What you have to do - Copy nothing but the lines running from the one containing "Quicksilver Vintage Quicksilver" through the end of the listing below. Drop the pictures.

Material shown -

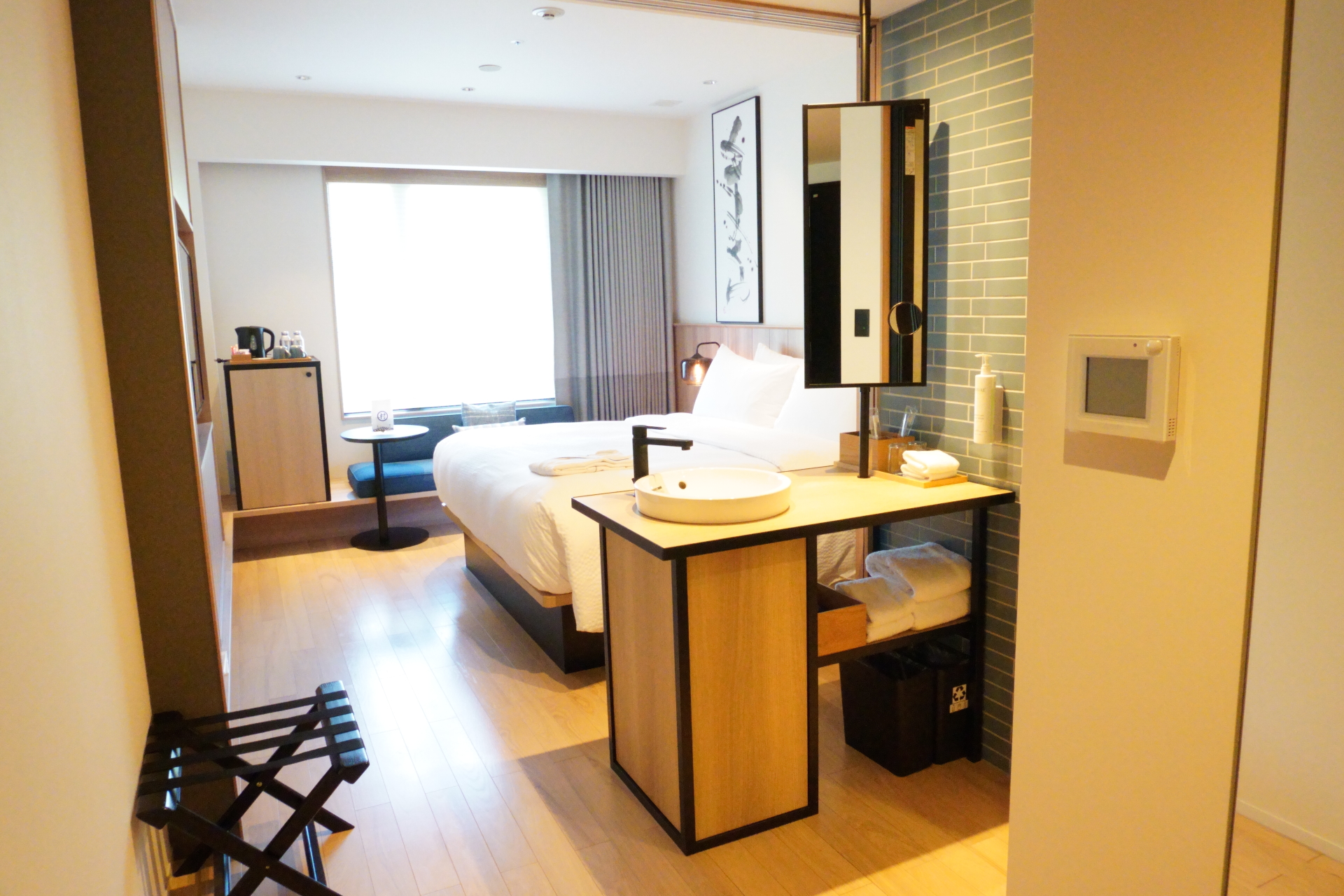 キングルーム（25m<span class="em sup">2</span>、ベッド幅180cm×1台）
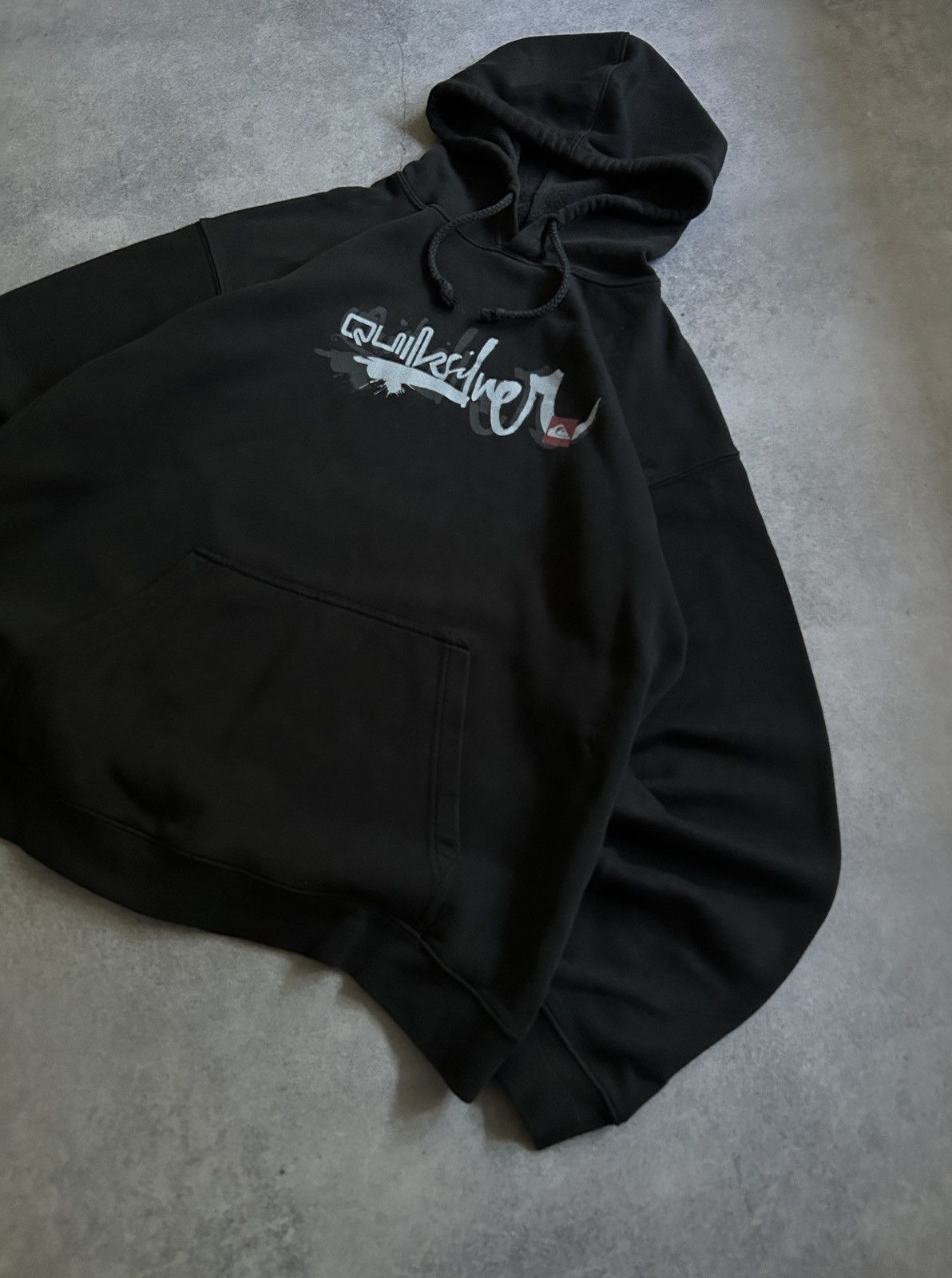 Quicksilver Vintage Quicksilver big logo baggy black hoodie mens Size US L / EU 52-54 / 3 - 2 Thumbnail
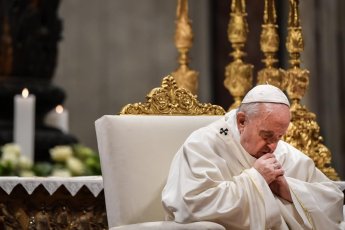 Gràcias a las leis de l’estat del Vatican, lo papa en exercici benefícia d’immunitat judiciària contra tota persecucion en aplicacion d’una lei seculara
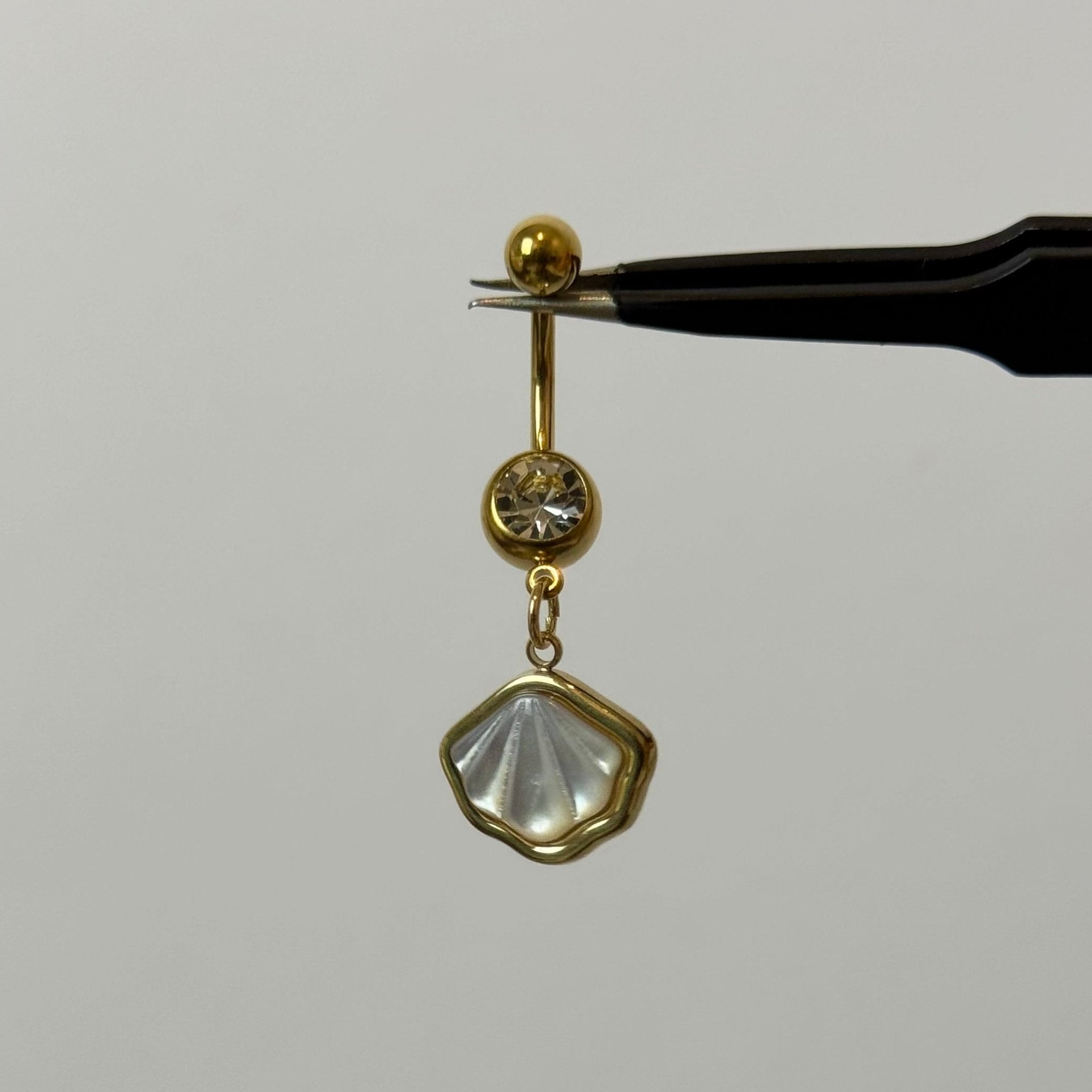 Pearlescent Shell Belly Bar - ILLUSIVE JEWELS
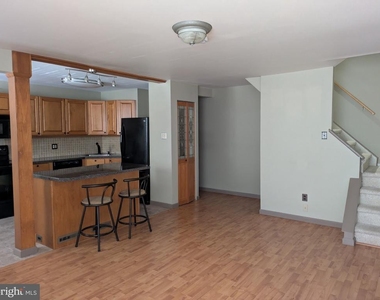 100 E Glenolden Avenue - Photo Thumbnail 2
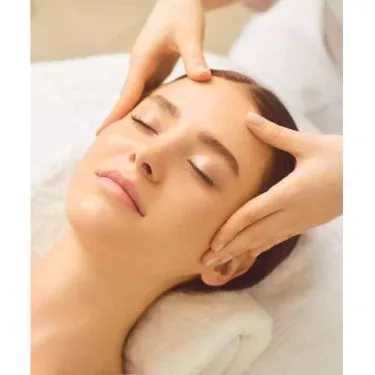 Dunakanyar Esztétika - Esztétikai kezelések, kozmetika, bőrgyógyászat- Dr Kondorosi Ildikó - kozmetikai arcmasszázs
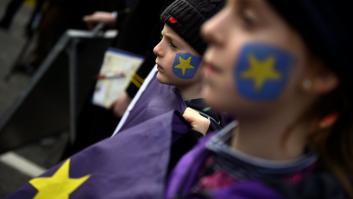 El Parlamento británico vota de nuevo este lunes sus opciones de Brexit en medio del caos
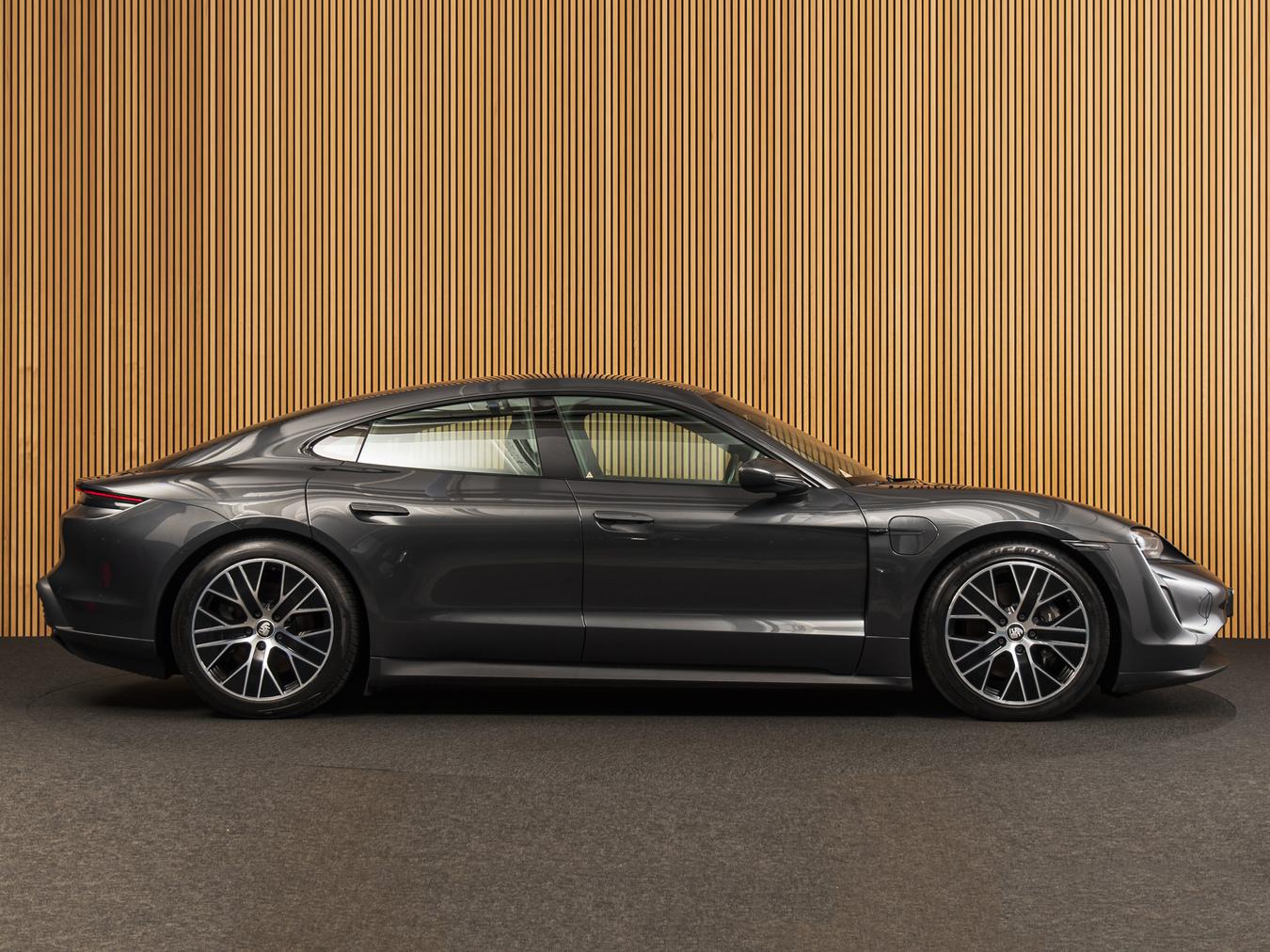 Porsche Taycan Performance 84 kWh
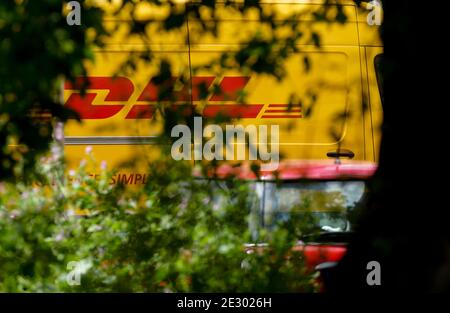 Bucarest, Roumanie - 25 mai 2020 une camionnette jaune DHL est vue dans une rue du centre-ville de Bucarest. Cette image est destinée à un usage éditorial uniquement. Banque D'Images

Result -
 Quicksilver Vintage Quicksilver big logo baggy black hoodie mens Size US L / EU 52-54 / 3 - 2 Thumbnail
 Gràcias a las leis de l’estat del Vatican, lo papa en exercici benefícia d’immunitat judiciària contra tota persecucion en aplicacion d’una lei seculara
 Pearlescent Shell Belly Bar - ILLUSIVE JEWELS
 100 E Glenolden Avenue - Photo Thumbnail 2
 Dunakanyar Esztétika - Esztétikai kezelések, kozmetika, bőrgyógyászat- Dr Kondorosi Ildikó - kozmetikai arcmasszázs
 El Parlamento británico vota de nuevo este lunes sus opciones de Brexit en medio del caos
 Porsche Taycan Performance 84 kWh
 Bucarest, Roumanie - 25 mai 2020 une camionnette jaune DHL est vue dans une rue du centre-ville de Bucarest. Cette image est destinée à un usage éditorial uniquement. Banque D'Images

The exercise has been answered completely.